鏡を見るたび、あるいは朝のブラッシングの際に、髪のボリュームについて少し気になり始めた、ということはありませんか。
「納豆が薄毛対策に良い」という話を耳にしたことがあるかもしれませんが、実際のところどうなのでしょうか。日本の伝統的な食品である納豆が、本当に髪の健康に役立つのか気になりますよね。
この記事では、納豆と薄毛の関係性について、含まれる栄養素や髪に与える影響、そして薄毛対策を意識した効果的な食べ方や適量までを詳しく解説します。
この記事を読むことで、納豆に関する正しい知識を得て、日々の食生活から健やかな髪を目指すための一助となるでしょう。納豆の力を上手に活用するヒントを見つけてください。
この記事の執筆者

AGAメディカルケアクリニック 統括院長
前田 祐助
【経歴】
慶應義塾大学医学部医学研究科卒業
慶應義塾大学病院 初期臨床研修課程終了
大手AGAクリニック(院長)を経て、2018年に薄毛・AGA治療の「AGAメディカルケアクリニック」新宿院を開設
2020年に横浜院、2023年に東京八重洲院を開設
資格・所属学会・症例数
【資格】
- 医師免許
- ⽇本医師会認定産業医
- 医学博士
【所属学会】
- 日本内科学会
- 日本美容皮膚科学会
- 日本臨床毛髪学会
【症例数】
3万人以上※
※2018年5月~2022年12月AGAメディカルケアクリニック全店舗の延べ患者数
納豆と薄毛対策の関係性
古くから健康食品として親しまれてきた納豆が、近年、薄毛対策の観点からも注目を集めています。スーパーフードとも呼ばれる納豆が、なぜ髪の健康と関連付けて語られるのでしょうか。

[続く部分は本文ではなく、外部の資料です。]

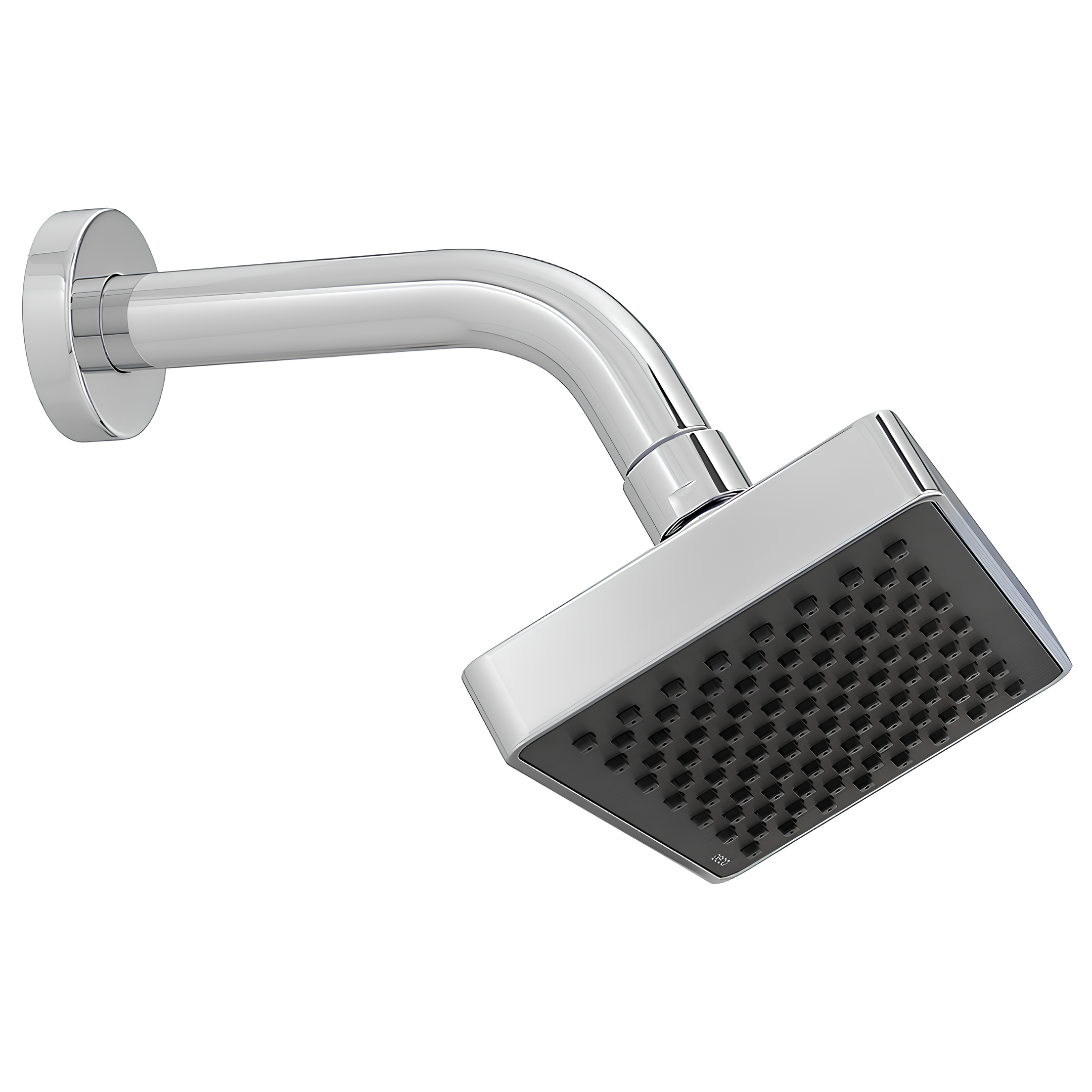 Chuveiro Retangular De Parede Cromado Flex 2082.C.STD Deca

ここでは、納豆と薄毛対策の関係性について、その背景を探ります。
なぜ納豆が薄毛対策に良いと言われるのか
納豆が薄毛対策に良いとされる主な理由は、その豊富な栄養価にあります。髪の毛は主に「ケラチン」というタンパク質で構成されていますが、納豆にはこのタンパク質が豊富に含まれています。

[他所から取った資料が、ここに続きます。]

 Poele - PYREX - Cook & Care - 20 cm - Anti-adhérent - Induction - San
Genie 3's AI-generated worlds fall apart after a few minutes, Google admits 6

また、タンパク質の合成を助けたり、頭皮環境を健やかに保ったりするために重要なビタミンやミネラルもバランス良く含んでいます。
さらに、納豆に含まれる特有の成分が、薄毛の一因にアプローチするのではないかと期待されています。
納豆の成分が持つ可能性
納豆には、大豆イソフラボン、タンパク質、ビタミンB群、ビタミンE、亜鉛、鉄分など、髪の成長や頭皮の健康維持に関連する栄養素が凝縮されています。特に注目されるのが大豆イソフラボンです。
この成分は、女性ホルモン(エストロゲン)と似た働きを持つことから、薄毛の原因の一つとされる男性ホルモンの影響を調整する可能性が指摘されています。
また、納豆特有の酵素である「ナットウキナーゼ」による血流促進効果も、頭皮への栄養運搬に良い影響を与えると考えられています。
薄毛の主な原因と納豆の役割
男性の薄毛の多くはAGA(男性型脱毛症)が原因であり、これには男性ホルモンの「ジヒドロテストステロン(DHT)」が深く関わっています。
DHTは、5αリダクターゼという酵素の働きによって生成され、毛髪の成長サイクルを乱します。納豆に含まれる大豆イソフラボンには、この5αリダクターゼの働きを抑制する可能性が研究で示唆されています。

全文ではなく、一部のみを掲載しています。